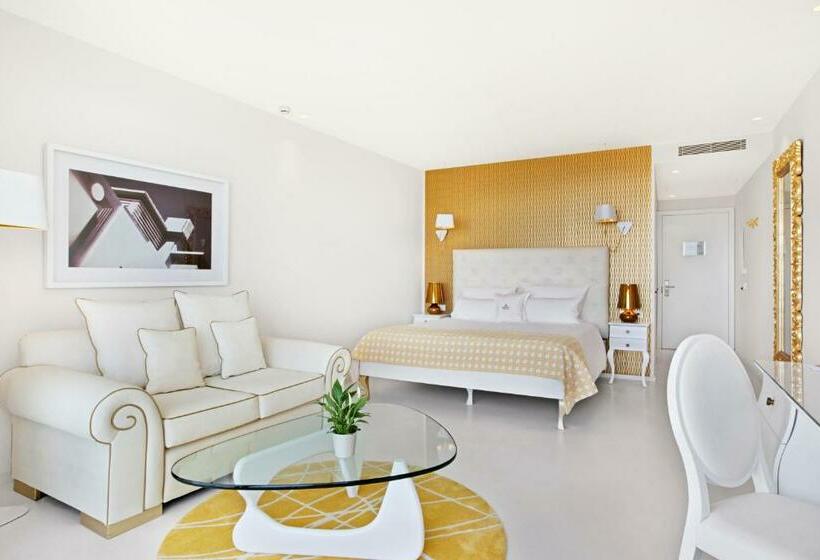 Deluxe Suite met Uitzicht op Zee, Portals Hills Boutique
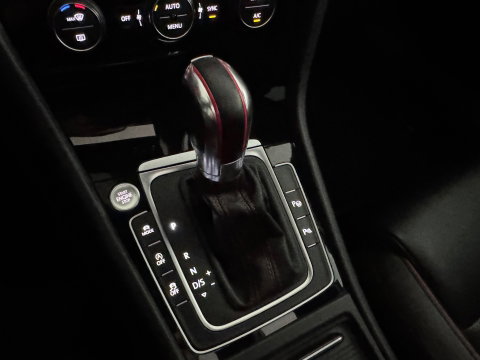 Volkswagen Golf 2.0 TSI GTI TCR Pano|Keyless|Dynaudio|Leer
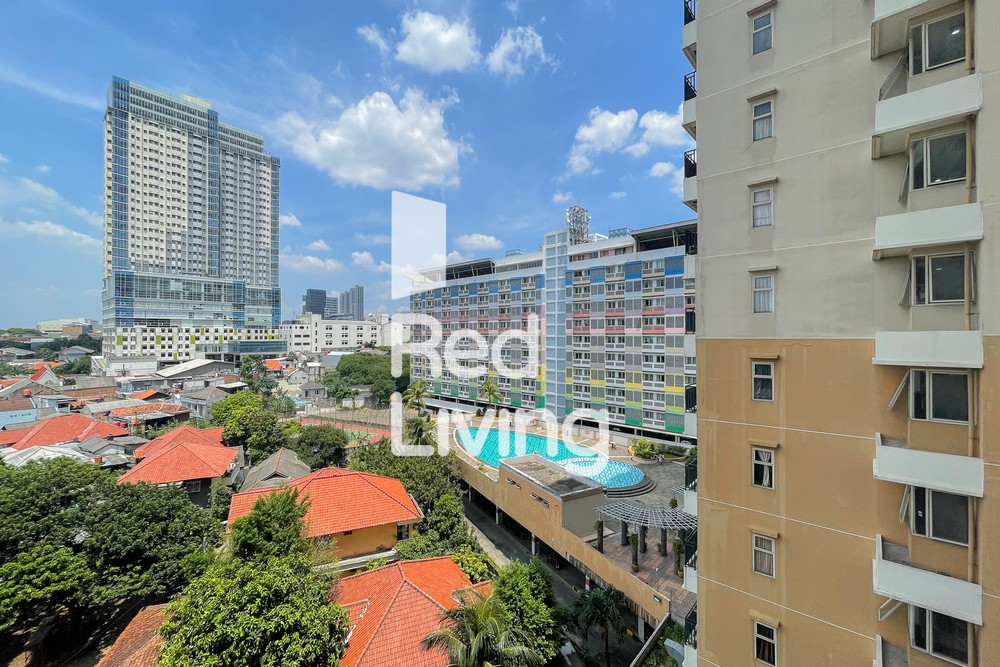 redliving apartemen margonda residence 2 pridama room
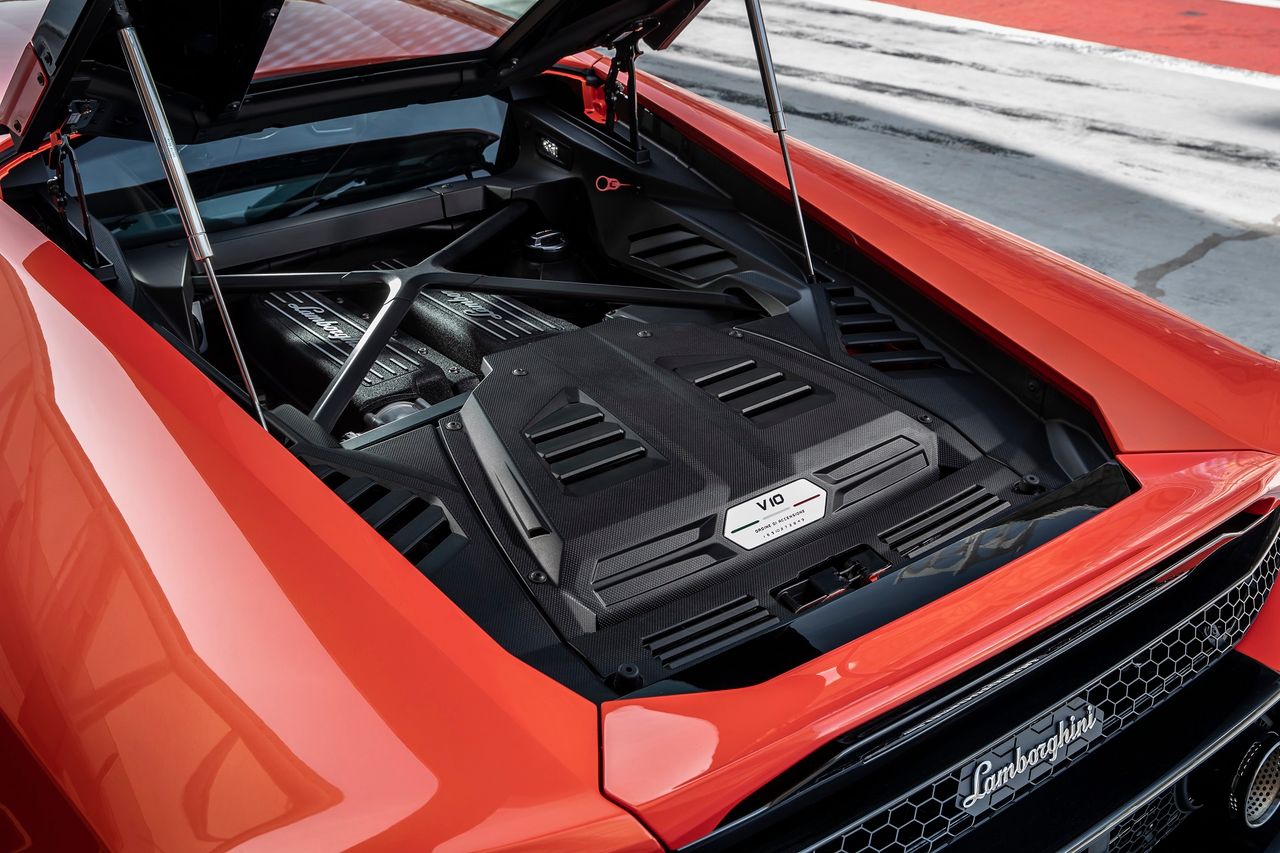 Dziesięciocylindrowy silnik generuje 640 KM - i to bez pomocy turbodoładowania (fot. Lamborghini)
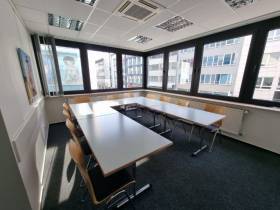 Kurzfristig verfügbare Konferenz- / Meetingräume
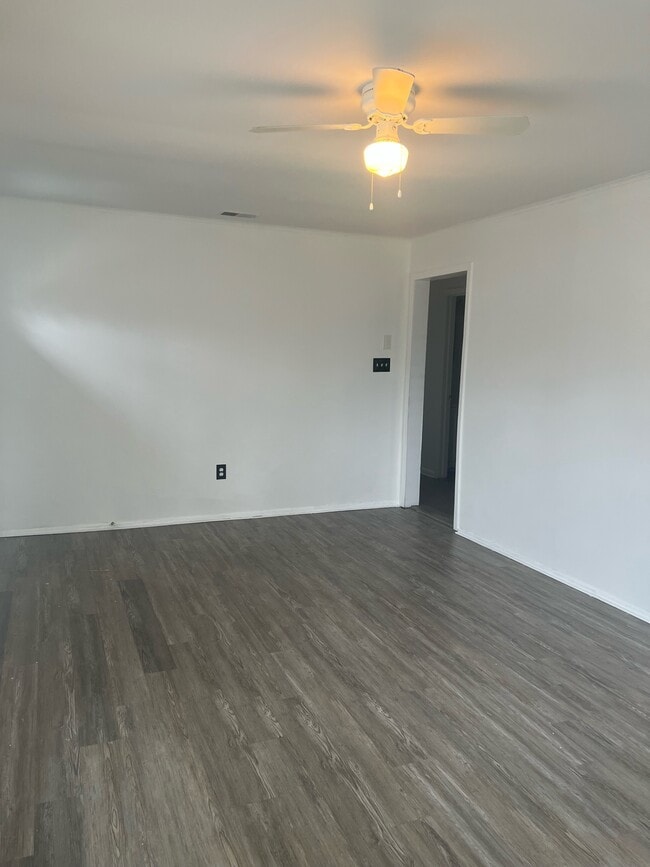 Building Photo - 609 N Stonestreet Ave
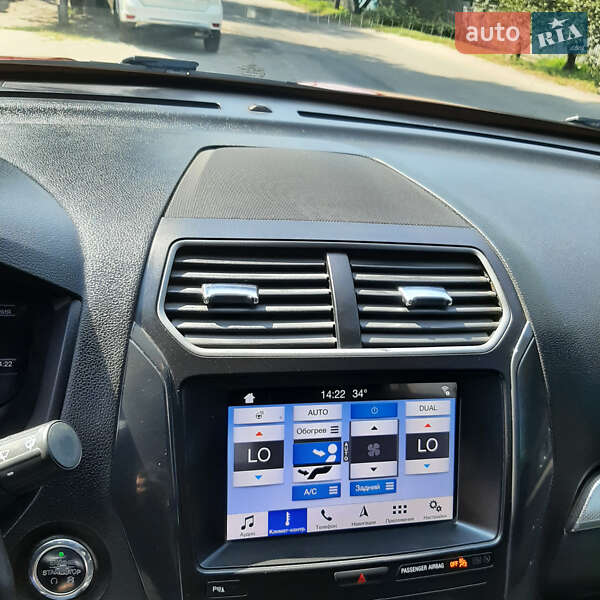 Внедорожник / Кроссовер Ford Explorer 2018 в Никополе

EXERCISE INSTRUCTIONS:
Copy exactly, leaving out pictures, the lines from the line containing "redliving apartemen margonda" through the last line of the records.

TASK SOLUTION:
 redliving apartemen margonda residence 2 pridama room
 Dziesięciocylindrowy silnik generuje 640 KM - i to bez pomocy turbodoładowania (fot. Lamborghini)
 Kurzfristig verfügbare Konferenz- / Meetingräume
 Building Photo - 609 N Stonestreet Ave
 Внедорожник / Кроссовер Ford Explorer 2018 в Никополе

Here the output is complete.